## DESCRIPTION OF THE TASK
Where in the data does the word "Lace" appear? Find those lines and copy them.

Extracted records:
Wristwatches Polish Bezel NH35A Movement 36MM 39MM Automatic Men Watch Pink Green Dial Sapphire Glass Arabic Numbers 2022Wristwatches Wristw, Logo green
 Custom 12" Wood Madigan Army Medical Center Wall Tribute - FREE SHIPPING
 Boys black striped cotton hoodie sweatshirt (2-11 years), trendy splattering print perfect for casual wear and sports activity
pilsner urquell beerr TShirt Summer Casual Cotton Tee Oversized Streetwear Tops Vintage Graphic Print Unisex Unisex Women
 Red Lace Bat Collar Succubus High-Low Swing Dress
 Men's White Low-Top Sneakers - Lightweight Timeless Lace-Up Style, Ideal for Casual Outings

## RESULT OF THE EXERCISE
 Red Lace Bat Collar Succubus High-Low Swing Dress
 Men's White Low-Top Sneakers - Lightweight Timeless Lace-Up Style, Ideal for Casual Outings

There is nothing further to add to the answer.